Advanced
Subclassing schemas
Subclassing schemas is a useful pattern for pipelines where every next function adds a few columns.
[1]:
from strictly_typed_pandas import DataSet
class SchemaA:
name: str
class SchemaB(SchemaA):
id: int
df = DataSet[SchemaA]({"name": ["John", "Jane", "Jack"]})
def foo(df: DataSet[SchemaA]) -> DataSet[SchemaB]:
return df.assign(
id=lambda df: range(df.shape[0]),
).pipe(DataSet[SchemaB])
Similarly, you can use it when merging (or joining or concatenating) two datasets together.
[2]:
class SchemaA:
id: int
name: str
class SchemaB:
id: int
job: str
class SchemaAB(SchemaA, SchemaB):
pass
df1 = DataSet[SchemaA](
{
"id": [1, 2, 3],
"name": ["John", "Jane", "Jack"],
}
)
df2 = DataSet[SchemaB](
{
"id": [1, 2, 3],
"job": "Data Scientist",
}
)
df1.merge(df2, on="id").pipe(DataSet[SchemaAB])
[2]:
| id | name | job | |
|---|---|---|---|
| 0 | 1 | John | Data Scientist |
| 1 | 2 | Jane | Data Scientist |
| 2 | 3 | Jack | Data Scientist |
Creating an empty DataSet
Sometimes it’s useful to create a DataSet without any rows. This can be easily done as follows:
[3]:
class Schema:
id: int
name: str
DataSet[Schema]()
[3]:
| id | name |
|---|
Support for numpy and pandas data types
We also support using numpy types and pandas types, as well as typing.Any. If you miss support for any other data type, drop us a line and we’ll see if we can add it!
[4]:
import numpy as np
import pandas as pd
from typing import Any
class Schema:
name: pd.StringDtype
money: np.float64
eggs: np.int64
potatoes: Any
df = DataSet[Schema](
{
"name": pd.Series(["John", "Jane", "Jack"], dtype="string"),
"money": pd.Series([100.50, 1000.23, 123.45], dtype=np.float64),
"eggs": pd.Series([1, 2, 3], dtype=np.int64),
"potatoes": ["1", 0, np.nan],
}
)
df.dtypes
[4]:
name string[python]
money float64
eggs int64
potatoes object
dtype: object
IndexedDataSet
If you’d like to also strictly type the index, you can use the IndexedDataSet class.
[5]:
from strictly_typed_pandas import IndexedDataSet
class IndexSchema:
id: int
job: str
class DataSchema:
name: str
df = (
pd.DataFrame(
{
"id": [1, 2, 3],
"name": ["John", "Jane", "Jack"],
"job": "Data Scientist",
}
)
.set_index(["id", "job"])
.pipe(IndexedDataSet[IndexSchema, DataSchema])
)
Reusing a variable (e.g. df) with different schemas
Sometimes when building a pipeline, it’s useful to reuse a variable (e.g. df) with different schemas. If we do that in the following way however, we’ll get a mypy error.
[6]:
class SchemaA:
name: str
class SchemaB(SchemaA):
id: int
def foo(df: DataSet[SchemaA]) -> DataSet[SchemaB]:
return df.assign(id=1).pipe(DataSet[SchemaB])

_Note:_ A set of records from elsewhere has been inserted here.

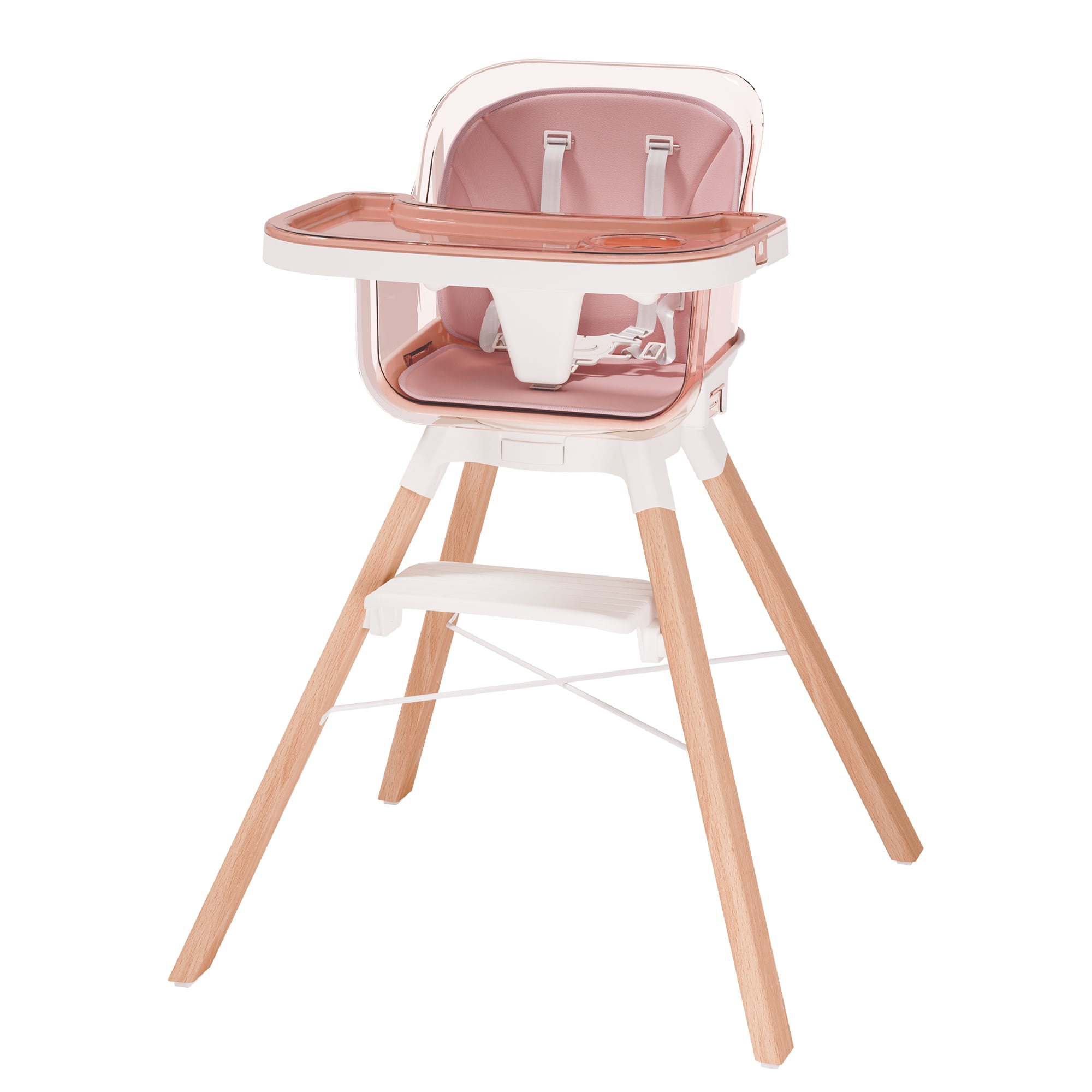 Tolead 4in1 Rotating Baby and Toddler High Chair, Polypropylene, Pink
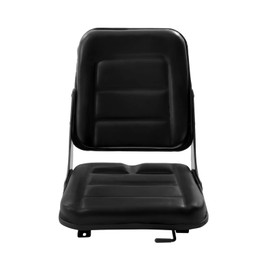 Universal Forklift Seat Lawn Mower Seat with Slide Track, Position Height Adjustable Tractor Suspension Seat,Replacement Forklift Seat for Excavator, Skid Loader Backhoe Dozer Telehandler Black Seat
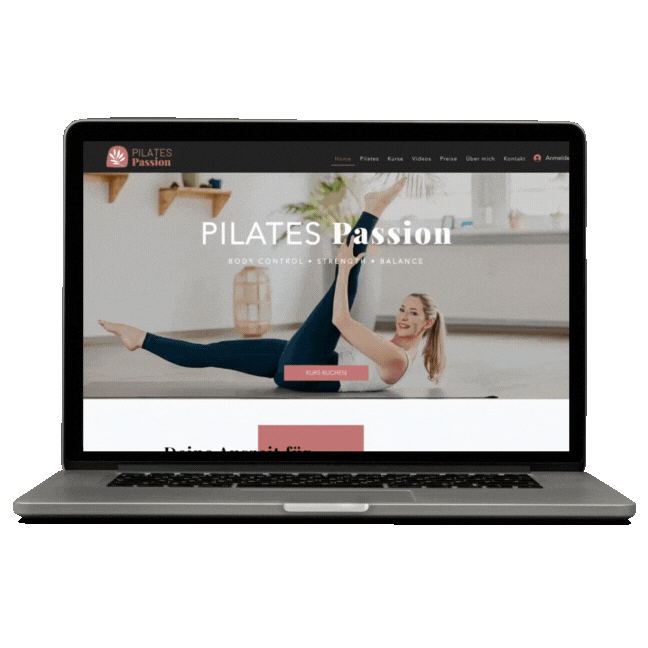 Website-Vorschau Pilates Passion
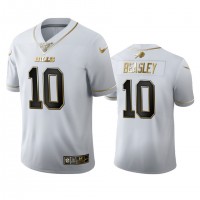 Buffalo Buffalo Bills #10 Cole Beasley Men's Nike White Golden Edition Vapor Limited NFL 100 Jersey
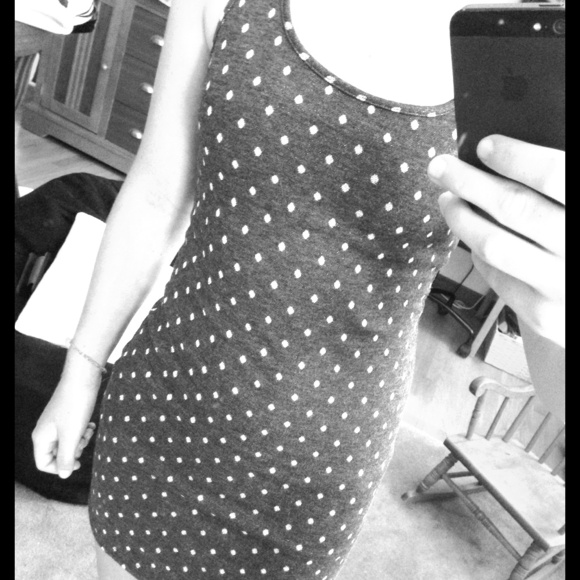 Polka-dot cross-back dress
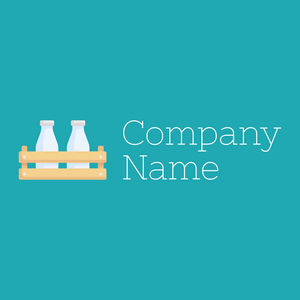 Milk logo on a Light Sea Green background - Agricultura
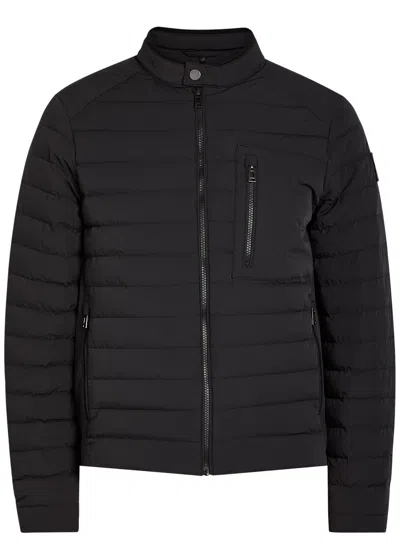 Belstaff Chassis Padded Stretch-shell Jacket In Black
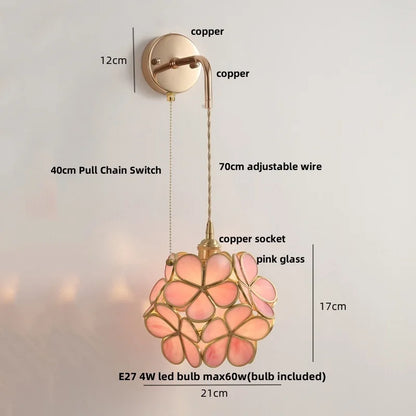 DecorBites™ LED Wall Lights Clear Glass Adjustable Bedside Lamp Nordic Modern Style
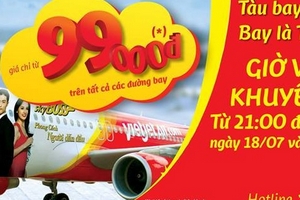 VietJetAir bán vé siêu tiết kiệm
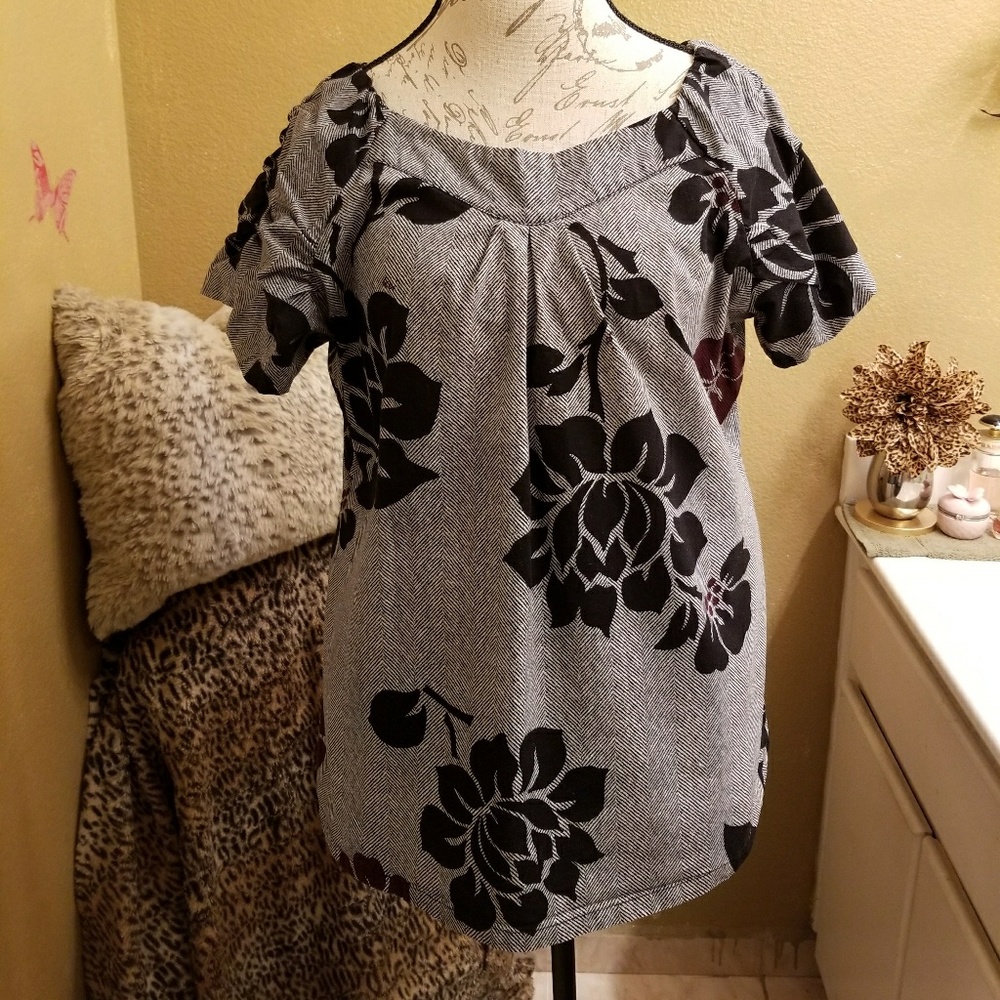 Floral Koi Top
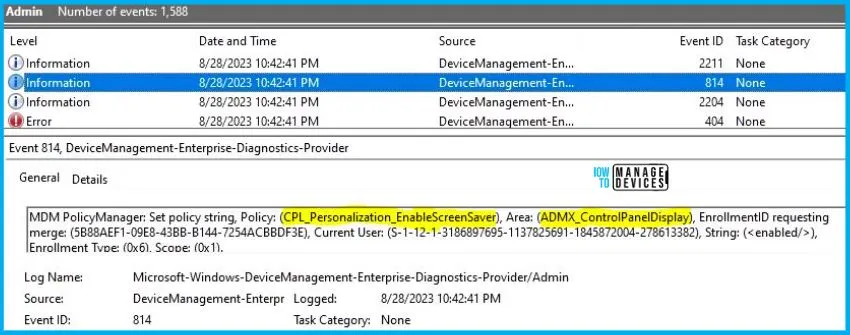 Enable Screen Saver Policy using Intune Fig. 11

df = DataSet[SchemaA]({"name": ["John", "Jane", "Jack"]})
df = foo(df)
# mypy(error): Incompatible types in assignment (expression has type "DataSet[SchemaB]", variable has type "DataSet[SchemaA]")
To avoid this error, we need to declare that df will be of the type DataSet (implying the the schema may be different at different points)
[7]:
df: DataSet
df = DataSet[SchemaA]({"name": ["John", "Jane", "Jack"]})
df = foo(df)
[ ]: